In my country, when you start a company and you are the director, the first year you do not pay social contributions, but the year after, you start paying quarterly the contributions from the previous year of salary. I am classified as part time self occupied, therefore the 15% are paid by the company as a whole,(not half/half employee/company like you see when it is an employee)
ie:
in 2018 you make a total of 20 000 Euro.
In 2019, you are required to pay (previous year * 15%) / 52
I understand that Manager has a payslip area but this is good when you pay monthly someone, how would it works in my case?
How can I add this in manager please as I am a bit confused?
I added the 20 000 as director drawings in 2018 into an equity account, and I am wondering if, on the first of January 2019, I should have added the social security contributions as a whole(15% of 20 000 Euro) and gradually credit this account each quarter from the bank account.
The question is whether this is a current expense based on last year’s income or last year’s expense paid on a deferred schedule.
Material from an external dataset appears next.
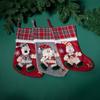 Calcetines Navideños de Tartán Xintean con Diseños de Papá Noel, Muñeco de Nieve, Oso y Copo de Nieve, Tres Tipos de Bolsas de Adorno para Regalos Pequeños de Navidad en Estilo Coreano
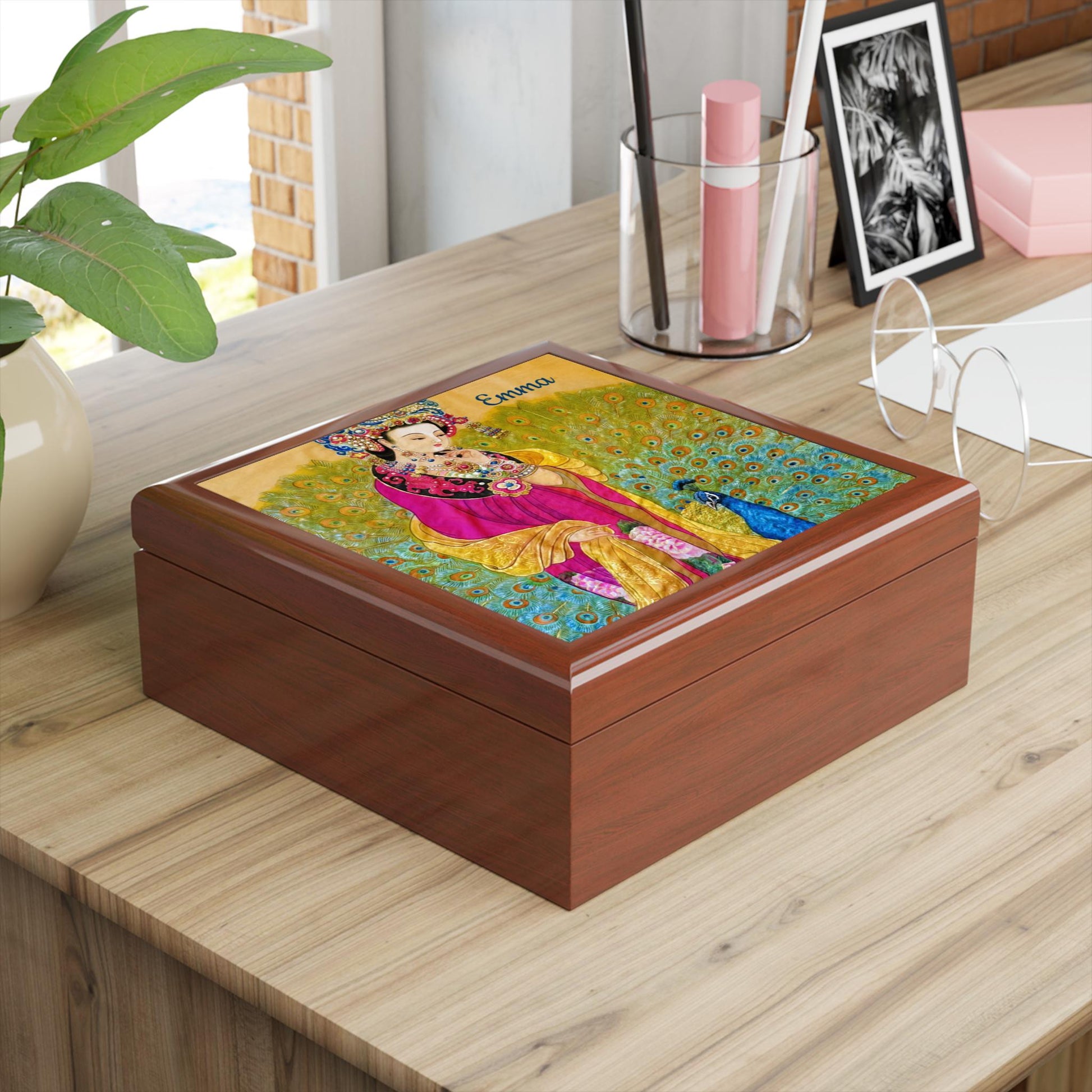 Chinese Empress with Peacock Watercolor Art Print, Wooden Jewelry Box | Personalized Option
That depends on local law.
Treatment could also depend on whether you are using accrual or cash basis accounting.
You mentioned payslips being used when paying someone monthly. Just to be clear, there is no requirement that payslips be used only for regularly scheduled payroll periods. They can be used any time there are payroll transactions for employees.
In your case, since you are not an employee, you will not use payslips at all. According to your explanation, this is a direct contribution by the company based on your director’s compensation last year. So just enter a payment. Post it to an expense account set up for the purpose, Social Security Contributions. If you also have employees, the contributions you make for them could be posted to the same expense account.
Thank you so much for the help.
So in fact, when SSC is a direct contribution from the company(for a self-occupied person), it is an expense but let’s say you have an employee, the 10%/10% will be divided as a basis of 10% as a liability and 10% as an expense if I am correct.
This is true when your local tax law says so. You have implied that to be the case in your situation. Understand that I am not telling you it is so, as I don’t know where you are. In some jurisdictions, such contributions are not company expenses, but are tax obligations of the self-employed individual. A local accountant or tax authority can answer this question for your location.
Again, this depends on local tax law and the exact nature of the two portions. Frequently, the employee pays a portion, which would be recorded as a deduction payslip item in Manager. And the company pays a portion. The company’s portion is an expense, but is also recorded as a liability until remitted to the tax authority. At that point, that credit is transferred to the bank account from which the remittance is paid.